Speaker
Description
The first stage of the Future Circular Collider (FCC) will be an e+e- collider (FCC-ee) as successor to the Large Hadron Collider at CERN. The FCC-ee will enable a precise characterization of the Higgs boson together with electroweak, flavour, QCD, top precision physics, as well as searches beyond the Standard Model, with a real chance of discovery. Reaching experimental and theoretical systematic uncertainties commensurate to the statistical precision of the many measurements feasible at the FCC-ee requires careful preparation of the detector concepts, possibly of the mode of operation, and of theoretical developments.
The ambitious performance requirements for the four FCC-ee detectors (and the relevant technological options) are obtained from the evaluation of the sensitivity of several physics benchmark processes, by simulating variants of a number of detector concepts, such as CLD (CLIC-like detector) or IDEA (Innovative Detector for Electron-Positron Accelerators), including luminometer, vertex detector, central tracker, calorimeter(s), superconducting magnet, and muon detection system.

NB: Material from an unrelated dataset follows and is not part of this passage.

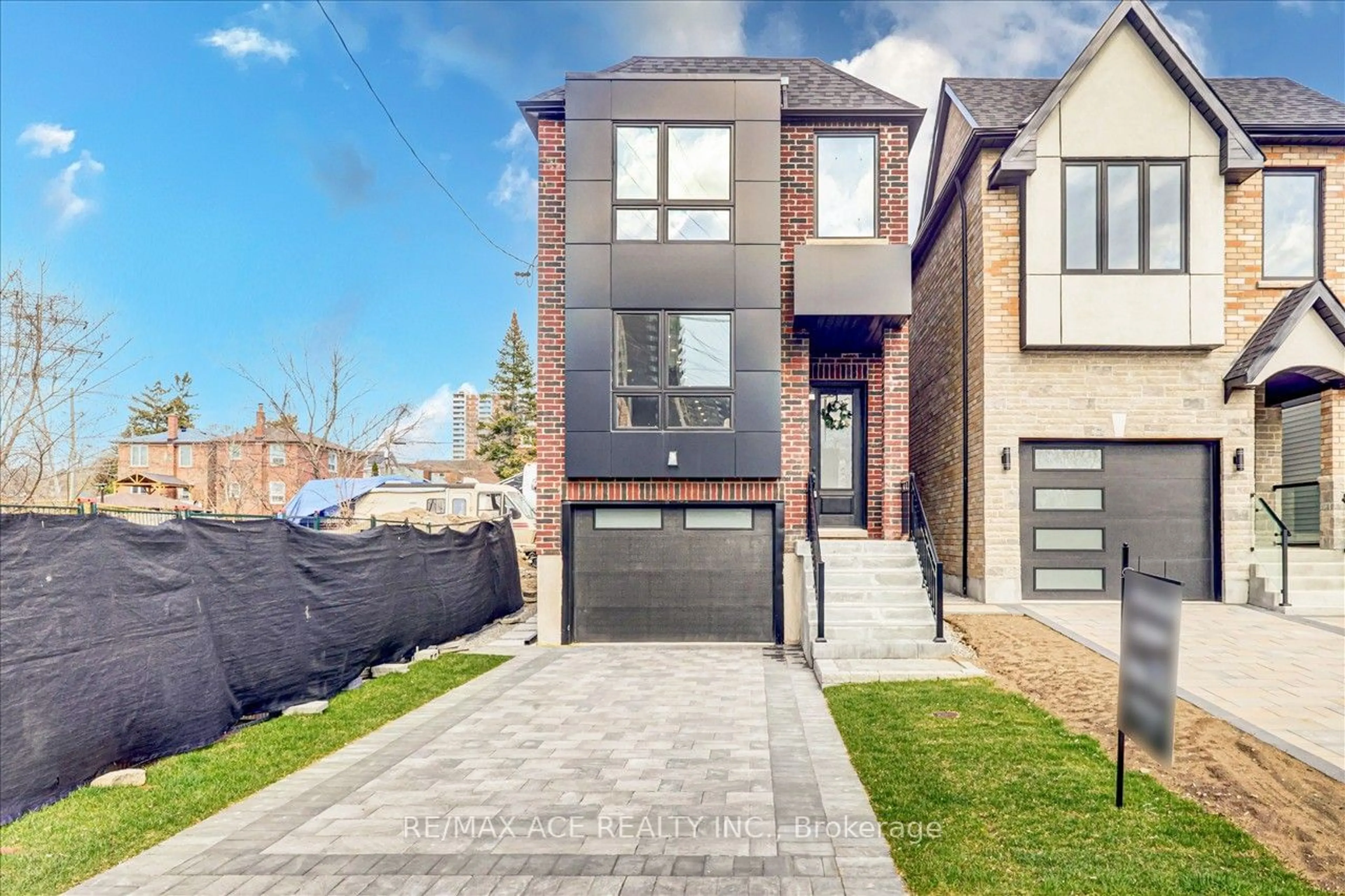 Home with brick exterior material for 167 August Ave, Toronto Ontario M1L 3N3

A solid software infrastructure is instrumental for the above mentioned evaluation. The FCC software ecosystem is tightly connected with Key4HEP, a turnkey software stack providing, in a ready-to-use way, all functionalities required by an HEP experiment, including a core software framework and tools for signal generation; parameterized, fast, and full simulation; reconstruction; and analysis. The Key4HEP project aims to provide an optimal synthesis of community products from LHC and beyond; it is the result of a common ongoing effort bringing together the future HEP projects communities. In this presentation, we will discuss the status of the Key4hep project with respect to the needs of the FCC Feasibility study, and the plans ahead.